To restore functionality, users would have to manually edit an iPhone backup and remove the malicious network name from within the files in iOS and macOS.
Schou has been rather good at finding wi-fi errors in iPhones lately. Last month, he discovered that iOS devices are not able to join wi-fi networks with names such as “%p%s%s%s%s%n”, with the issue also stopping local network features like AirDrop.
It appears that the issue is with the percentage sign followed by a letter is used in programming languages to format variables (names that hold values) into an output string – a series of characters used to store information, similar to a sentence in English. Apple's supercool programming means that the wi-fi system on iPhones and iPads passes the network name (the ‘Service Set IDentifier’ or SSID) to an internal library that is performing string formatting, which causes an arbitrary memory write (taking information and moving it somewhere else) and buffer overflow.

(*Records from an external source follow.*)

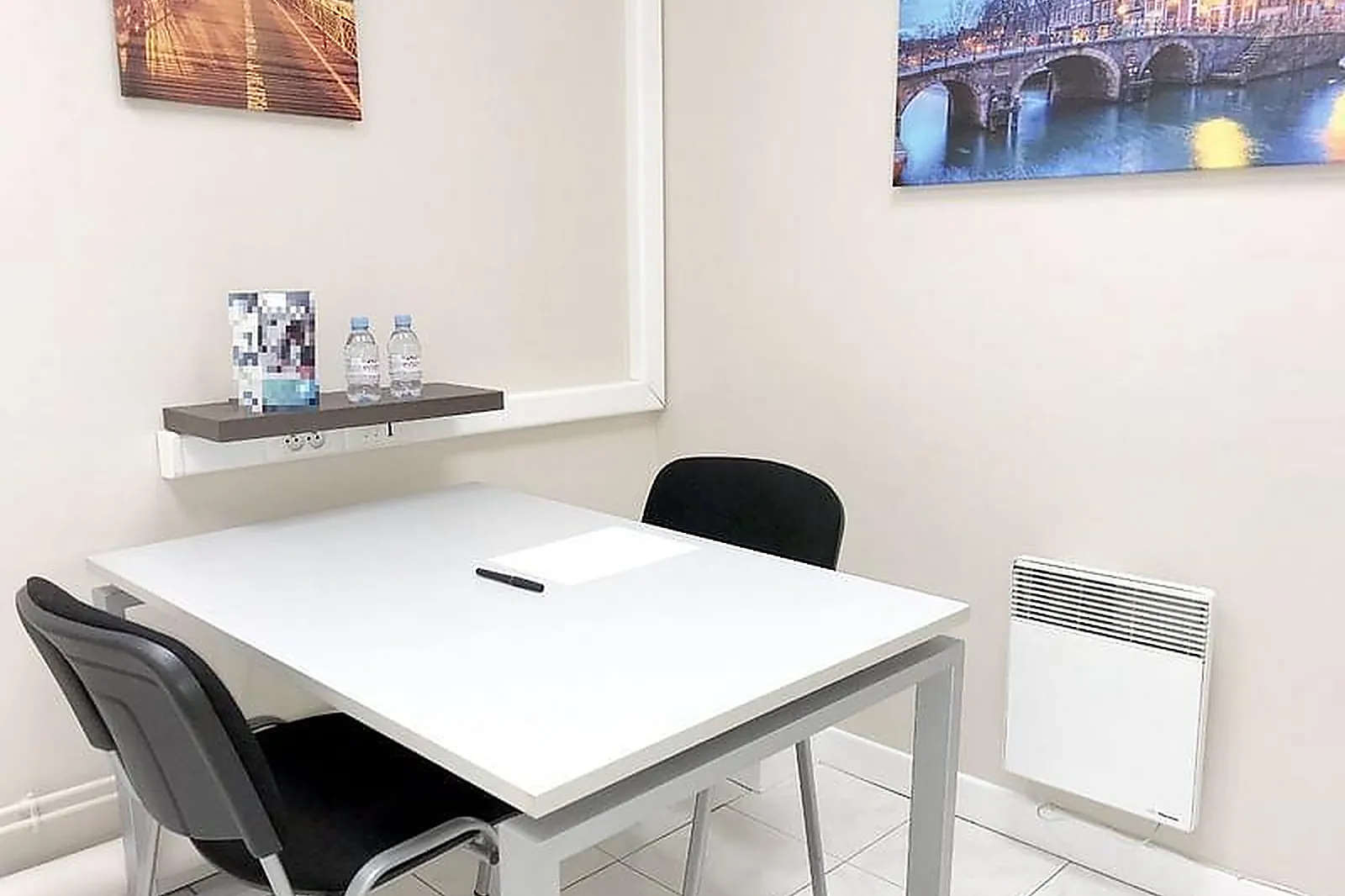 Lieux événementiels, SOFRADOM JAURÈS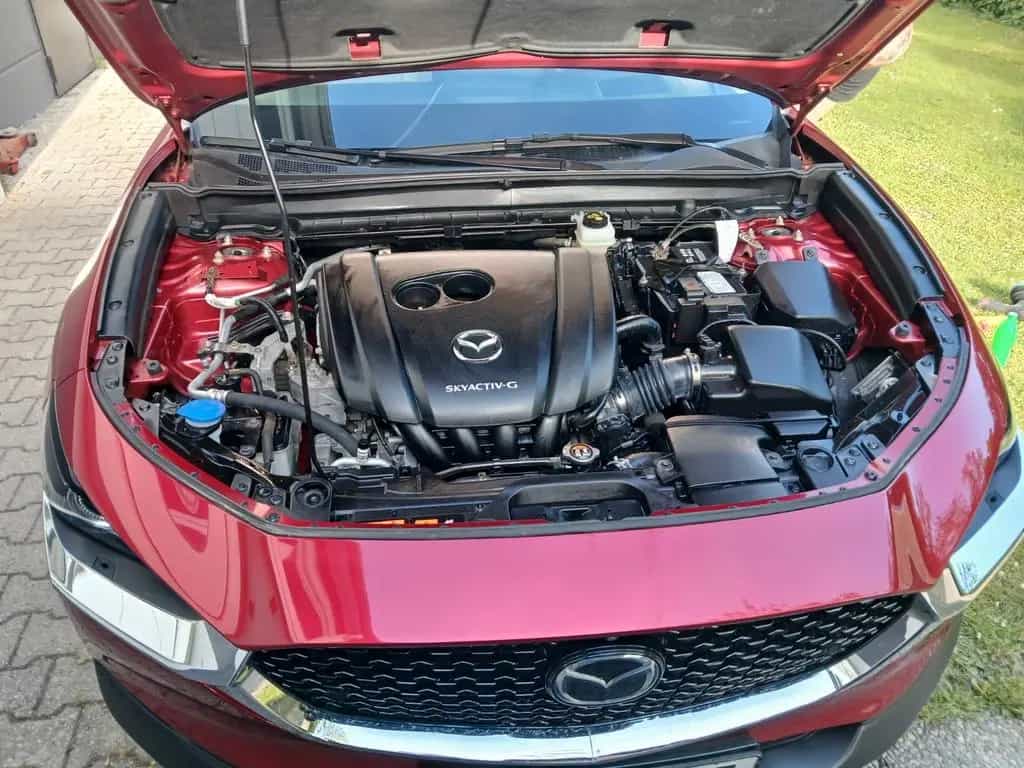 Mazda CX-30 | 1. Hand | Top gepflegt | Automatik 03/2022-photo-5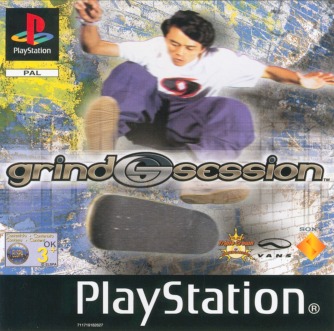 Grind Session  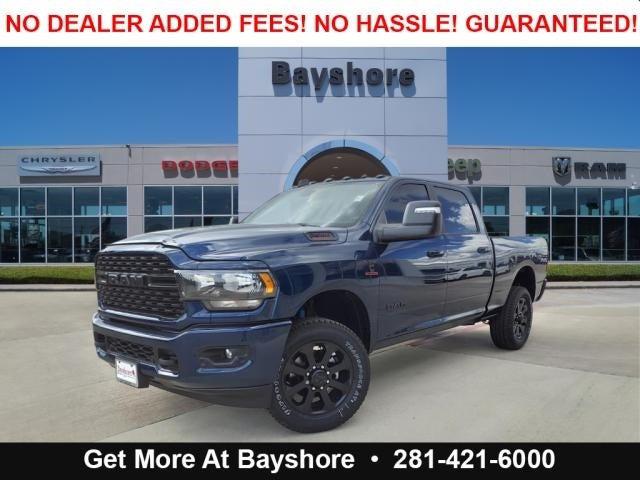 2024 RAM Ram 2500 RAM 2500 LONE STAR CREW CAB 4X4 64 BOX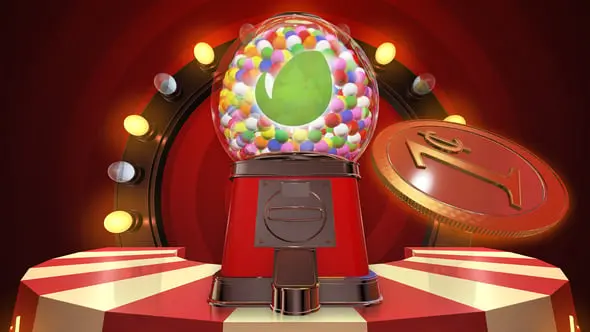 Candy Machine Logo Opener 27901648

Arbitrary memory is memory in the device’s local system, which is reformatted by the string, while a buffer is a process that lets a device operate a process without affecting other processes. If this is ‘overflowed’ it means that the command is also writing to other areas it should not be.
Of course the Tame Apple Press insists that it is nothing to worry about and all unease Apple fanboys might have over such bad programming can be simply resolved by buying another expensive Apple product. Apple is not saying anything about the bug, and presumably believes it will go away.